(Collected data)

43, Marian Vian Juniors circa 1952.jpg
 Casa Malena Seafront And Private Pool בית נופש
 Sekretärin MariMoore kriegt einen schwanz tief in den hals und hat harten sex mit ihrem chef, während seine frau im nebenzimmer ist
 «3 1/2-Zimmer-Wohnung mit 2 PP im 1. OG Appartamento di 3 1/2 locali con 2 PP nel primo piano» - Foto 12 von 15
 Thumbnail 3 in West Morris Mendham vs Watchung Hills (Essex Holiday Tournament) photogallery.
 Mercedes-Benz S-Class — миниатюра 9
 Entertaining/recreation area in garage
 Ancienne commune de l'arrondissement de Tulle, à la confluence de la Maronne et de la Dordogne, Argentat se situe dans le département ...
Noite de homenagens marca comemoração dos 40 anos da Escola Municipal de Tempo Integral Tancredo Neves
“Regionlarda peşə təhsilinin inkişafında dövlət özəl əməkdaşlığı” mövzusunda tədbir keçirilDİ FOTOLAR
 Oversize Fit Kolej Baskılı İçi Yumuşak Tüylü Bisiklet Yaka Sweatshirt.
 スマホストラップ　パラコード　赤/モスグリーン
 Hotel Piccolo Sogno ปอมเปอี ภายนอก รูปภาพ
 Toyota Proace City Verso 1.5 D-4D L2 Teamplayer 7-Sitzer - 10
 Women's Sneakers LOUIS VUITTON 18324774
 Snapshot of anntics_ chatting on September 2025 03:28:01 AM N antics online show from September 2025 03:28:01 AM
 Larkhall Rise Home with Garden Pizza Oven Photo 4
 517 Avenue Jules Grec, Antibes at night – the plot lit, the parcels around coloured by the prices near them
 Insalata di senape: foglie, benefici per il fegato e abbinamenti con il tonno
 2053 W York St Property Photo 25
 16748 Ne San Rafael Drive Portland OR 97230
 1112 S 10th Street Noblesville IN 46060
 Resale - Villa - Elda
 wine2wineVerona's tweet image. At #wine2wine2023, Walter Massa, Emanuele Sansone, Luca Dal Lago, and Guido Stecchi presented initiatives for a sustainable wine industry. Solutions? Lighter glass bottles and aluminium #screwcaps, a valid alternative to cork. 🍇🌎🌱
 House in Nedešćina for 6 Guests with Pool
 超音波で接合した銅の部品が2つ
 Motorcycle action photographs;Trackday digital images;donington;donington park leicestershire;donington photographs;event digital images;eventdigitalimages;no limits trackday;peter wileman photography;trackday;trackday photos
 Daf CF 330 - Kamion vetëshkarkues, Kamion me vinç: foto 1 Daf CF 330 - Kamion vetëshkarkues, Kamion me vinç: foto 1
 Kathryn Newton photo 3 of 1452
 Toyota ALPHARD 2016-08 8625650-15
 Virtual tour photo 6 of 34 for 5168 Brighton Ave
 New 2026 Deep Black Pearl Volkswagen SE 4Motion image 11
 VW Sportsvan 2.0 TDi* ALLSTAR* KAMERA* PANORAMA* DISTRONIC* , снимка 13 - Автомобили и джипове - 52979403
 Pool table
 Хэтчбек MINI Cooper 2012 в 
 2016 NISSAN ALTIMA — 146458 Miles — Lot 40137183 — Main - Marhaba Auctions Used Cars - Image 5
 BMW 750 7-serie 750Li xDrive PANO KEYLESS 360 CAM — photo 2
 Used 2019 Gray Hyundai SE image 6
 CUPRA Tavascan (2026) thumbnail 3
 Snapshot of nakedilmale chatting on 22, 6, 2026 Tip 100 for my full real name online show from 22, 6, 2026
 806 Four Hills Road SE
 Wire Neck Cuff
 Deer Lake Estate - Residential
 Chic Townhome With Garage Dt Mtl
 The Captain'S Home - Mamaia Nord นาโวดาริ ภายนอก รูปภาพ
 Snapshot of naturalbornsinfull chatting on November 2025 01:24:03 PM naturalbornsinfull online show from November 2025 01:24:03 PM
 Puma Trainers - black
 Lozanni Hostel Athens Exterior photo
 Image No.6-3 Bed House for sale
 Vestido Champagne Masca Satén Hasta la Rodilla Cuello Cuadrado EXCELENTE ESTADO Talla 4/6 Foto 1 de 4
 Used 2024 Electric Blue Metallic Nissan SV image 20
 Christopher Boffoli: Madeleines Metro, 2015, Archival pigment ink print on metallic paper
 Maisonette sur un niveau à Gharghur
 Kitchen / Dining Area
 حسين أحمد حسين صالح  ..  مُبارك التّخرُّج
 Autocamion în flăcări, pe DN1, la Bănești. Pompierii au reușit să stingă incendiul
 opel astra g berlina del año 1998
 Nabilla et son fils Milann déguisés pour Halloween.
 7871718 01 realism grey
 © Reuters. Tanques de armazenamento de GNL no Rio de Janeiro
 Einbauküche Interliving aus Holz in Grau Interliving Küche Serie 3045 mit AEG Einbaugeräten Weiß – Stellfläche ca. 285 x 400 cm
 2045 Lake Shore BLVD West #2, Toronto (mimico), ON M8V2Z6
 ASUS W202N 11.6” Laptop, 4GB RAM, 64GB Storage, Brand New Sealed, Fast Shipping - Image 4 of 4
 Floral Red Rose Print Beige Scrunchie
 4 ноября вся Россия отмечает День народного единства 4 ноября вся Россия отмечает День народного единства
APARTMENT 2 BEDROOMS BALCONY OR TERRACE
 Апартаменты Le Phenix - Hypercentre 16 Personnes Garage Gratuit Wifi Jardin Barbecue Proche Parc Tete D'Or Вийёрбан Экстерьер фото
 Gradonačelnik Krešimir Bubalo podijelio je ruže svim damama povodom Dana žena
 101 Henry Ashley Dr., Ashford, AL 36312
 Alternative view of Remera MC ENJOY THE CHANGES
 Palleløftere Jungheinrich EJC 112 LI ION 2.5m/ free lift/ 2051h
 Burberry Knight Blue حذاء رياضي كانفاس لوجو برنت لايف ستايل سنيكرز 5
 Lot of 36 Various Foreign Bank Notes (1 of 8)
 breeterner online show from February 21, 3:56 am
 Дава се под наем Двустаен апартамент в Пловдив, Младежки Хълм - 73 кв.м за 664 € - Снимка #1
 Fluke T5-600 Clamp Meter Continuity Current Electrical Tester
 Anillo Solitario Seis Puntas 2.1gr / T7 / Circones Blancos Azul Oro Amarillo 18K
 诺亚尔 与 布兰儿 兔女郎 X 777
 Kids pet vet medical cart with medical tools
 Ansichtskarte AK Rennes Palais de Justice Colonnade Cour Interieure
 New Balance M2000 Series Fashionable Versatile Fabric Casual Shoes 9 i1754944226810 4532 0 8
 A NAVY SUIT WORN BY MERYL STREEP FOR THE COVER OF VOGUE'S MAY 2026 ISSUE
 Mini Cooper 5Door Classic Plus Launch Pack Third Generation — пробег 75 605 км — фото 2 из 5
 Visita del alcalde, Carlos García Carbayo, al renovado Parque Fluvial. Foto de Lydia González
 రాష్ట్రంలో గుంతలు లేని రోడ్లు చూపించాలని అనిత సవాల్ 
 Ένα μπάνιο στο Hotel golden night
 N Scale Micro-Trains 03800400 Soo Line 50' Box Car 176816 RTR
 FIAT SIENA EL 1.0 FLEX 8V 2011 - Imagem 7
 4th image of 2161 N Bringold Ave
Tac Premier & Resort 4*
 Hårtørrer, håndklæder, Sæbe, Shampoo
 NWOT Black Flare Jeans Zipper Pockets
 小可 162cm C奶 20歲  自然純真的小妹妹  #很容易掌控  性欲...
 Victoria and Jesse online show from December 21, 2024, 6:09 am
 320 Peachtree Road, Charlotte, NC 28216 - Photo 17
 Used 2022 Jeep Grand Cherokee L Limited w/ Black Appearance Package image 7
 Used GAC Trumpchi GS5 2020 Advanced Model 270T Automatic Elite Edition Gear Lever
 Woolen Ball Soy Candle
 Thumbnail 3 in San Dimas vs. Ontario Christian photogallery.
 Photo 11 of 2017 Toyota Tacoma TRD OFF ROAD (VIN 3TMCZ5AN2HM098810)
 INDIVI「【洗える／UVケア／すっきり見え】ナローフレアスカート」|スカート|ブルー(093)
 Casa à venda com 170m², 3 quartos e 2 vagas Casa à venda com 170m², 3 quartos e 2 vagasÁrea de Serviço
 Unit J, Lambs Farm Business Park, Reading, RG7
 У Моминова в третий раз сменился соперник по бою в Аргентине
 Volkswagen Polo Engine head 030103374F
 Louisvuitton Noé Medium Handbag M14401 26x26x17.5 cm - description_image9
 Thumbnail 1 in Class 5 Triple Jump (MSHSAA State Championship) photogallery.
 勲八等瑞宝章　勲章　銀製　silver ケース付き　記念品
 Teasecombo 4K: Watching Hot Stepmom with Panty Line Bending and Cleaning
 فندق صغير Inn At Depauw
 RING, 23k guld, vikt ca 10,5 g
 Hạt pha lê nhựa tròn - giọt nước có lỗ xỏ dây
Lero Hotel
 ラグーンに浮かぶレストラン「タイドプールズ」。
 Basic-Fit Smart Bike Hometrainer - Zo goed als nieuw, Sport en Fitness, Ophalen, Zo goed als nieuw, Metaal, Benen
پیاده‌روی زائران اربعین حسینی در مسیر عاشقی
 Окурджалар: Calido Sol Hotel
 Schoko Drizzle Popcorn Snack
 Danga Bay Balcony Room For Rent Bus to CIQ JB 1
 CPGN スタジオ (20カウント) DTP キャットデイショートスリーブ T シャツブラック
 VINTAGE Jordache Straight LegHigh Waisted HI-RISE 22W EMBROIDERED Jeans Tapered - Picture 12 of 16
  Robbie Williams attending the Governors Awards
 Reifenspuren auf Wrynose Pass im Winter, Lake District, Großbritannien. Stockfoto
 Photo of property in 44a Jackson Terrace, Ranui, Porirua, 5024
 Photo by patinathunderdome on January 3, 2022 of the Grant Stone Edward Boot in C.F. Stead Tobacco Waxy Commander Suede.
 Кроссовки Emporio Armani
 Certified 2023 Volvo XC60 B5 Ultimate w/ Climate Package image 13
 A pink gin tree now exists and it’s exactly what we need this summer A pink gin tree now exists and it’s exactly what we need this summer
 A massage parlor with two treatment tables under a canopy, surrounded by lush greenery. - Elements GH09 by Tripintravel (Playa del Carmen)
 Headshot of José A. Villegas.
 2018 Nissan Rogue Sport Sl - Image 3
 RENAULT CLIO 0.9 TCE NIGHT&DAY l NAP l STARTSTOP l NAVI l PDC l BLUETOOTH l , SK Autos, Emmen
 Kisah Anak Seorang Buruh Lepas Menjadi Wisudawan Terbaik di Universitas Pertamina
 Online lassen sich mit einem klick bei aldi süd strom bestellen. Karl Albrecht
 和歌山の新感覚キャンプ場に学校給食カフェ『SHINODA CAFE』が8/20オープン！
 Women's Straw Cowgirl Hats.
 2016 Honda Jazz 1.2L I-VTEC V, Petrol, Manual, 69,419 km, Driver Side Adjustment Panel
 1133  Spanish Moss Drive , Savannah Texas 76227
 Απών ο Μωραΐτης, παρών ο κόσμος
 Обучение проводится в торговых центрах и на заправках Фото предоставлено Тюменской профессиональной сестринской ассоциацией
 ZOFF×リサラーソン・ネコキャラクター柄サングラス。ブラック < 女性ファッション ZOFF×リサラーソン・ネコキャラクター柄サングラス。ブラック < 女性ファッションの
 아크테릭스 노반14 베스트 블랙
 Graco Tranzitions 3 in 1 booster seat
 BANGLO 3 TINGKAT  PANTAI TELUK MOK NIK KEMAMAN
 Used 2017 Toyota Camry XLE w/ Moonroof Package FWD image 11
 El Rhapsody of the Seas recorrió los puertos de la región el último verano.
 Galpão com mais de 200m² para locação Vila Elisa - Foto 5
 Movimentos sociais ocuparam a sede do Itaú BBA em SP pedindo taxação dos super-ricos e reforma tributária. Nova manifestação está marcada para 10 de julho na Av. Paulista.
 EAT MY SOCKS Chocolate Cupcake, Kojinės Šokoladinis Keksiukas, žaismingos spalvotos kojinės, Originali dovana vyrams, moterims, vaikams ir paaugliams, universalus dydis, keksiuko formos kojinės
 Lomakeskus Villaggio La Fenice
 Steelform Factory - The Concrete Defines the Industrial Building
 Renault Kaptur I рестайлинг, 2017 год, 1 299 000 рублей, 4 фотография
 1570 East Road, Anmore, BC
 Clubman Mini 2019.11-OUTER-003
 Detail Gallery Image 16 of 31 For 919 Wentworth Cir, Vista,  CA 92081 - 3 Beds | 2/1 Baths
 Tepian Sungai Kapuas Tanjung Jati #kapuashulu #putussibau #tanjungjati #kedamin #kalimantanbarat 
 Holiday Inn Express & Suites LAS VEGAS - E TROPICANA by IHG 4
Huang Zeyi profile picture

ACTIVITY: Looking at the data above, return every line from the one with "FIAT SIENA EL 1.0 FLEX 8V 2011 - Imagem 7" down to the one with "320 Peachtree Road, Charlotte, NC", exactly and inclusively.

YOUR SOLUTION:
 FIAT SIENA EL 1.0 FLEX 8V 2011 - Imagem 7
 4th image of 2161 N Bringold Ave
Tac Premier & Resort 4*
 Hårtørrer, håndklæder, Sæbe, Shampoo
 NWOT Black Flare Jeans Zipper Pockets
 小可 162cm C奶 20歲  自然純真的小妹妹  #很容易掌控  性欲...
 Victoria and Jesse online show from December 21, 2024, 6:09 am
 320 Peachtree Road, Charlotte, NC 28216 - Photo 17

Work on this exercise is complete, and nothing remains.